*Aim of the task*. Output the complete listing exactly, please, and keep the pictures out of it.

--- Stored data ---

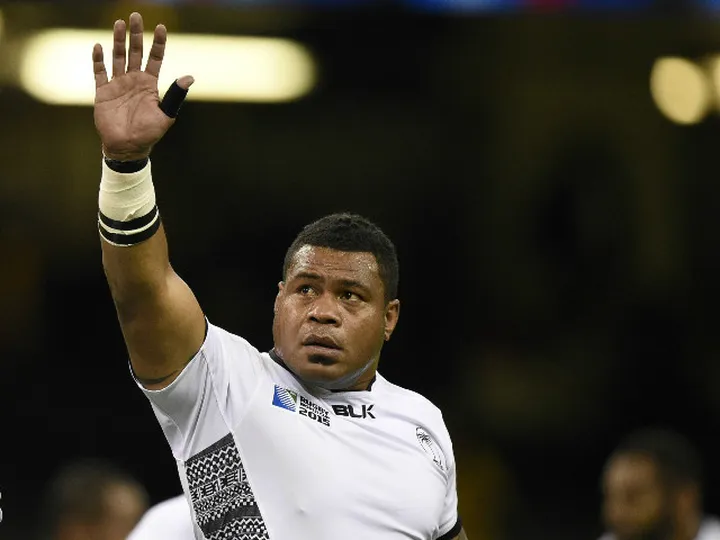 Isei Colati ruled out with knee injury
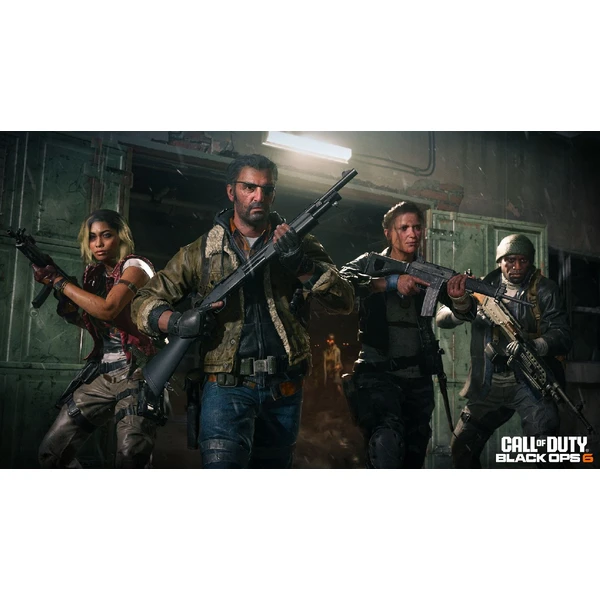 Call of Duty: Black Ops 6 Double Steel Pack (PS4) - Hry na PS4 - Obrázok GGX5000O01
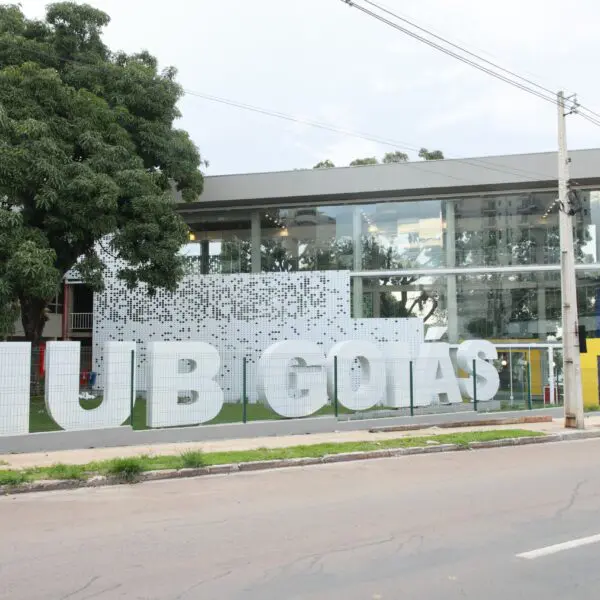 Sede do HUB Goiás em Goiânia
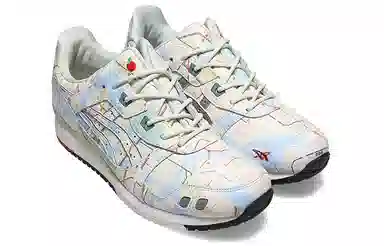 Atmos x Asics Gel-Lyte 3 OG NYC Subway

---

*Result of this task*.
 Isei Colati ruled out with knee injury
 Call of Duty: Black Ops 6 Double Steel Pack (PS4) - Hry na PS4 - Obrázok GGX5000O01
 Sede do HUB Goiás em Goiânia
 Atmos x Asics Gel-Lyte 3 OG NYC Subway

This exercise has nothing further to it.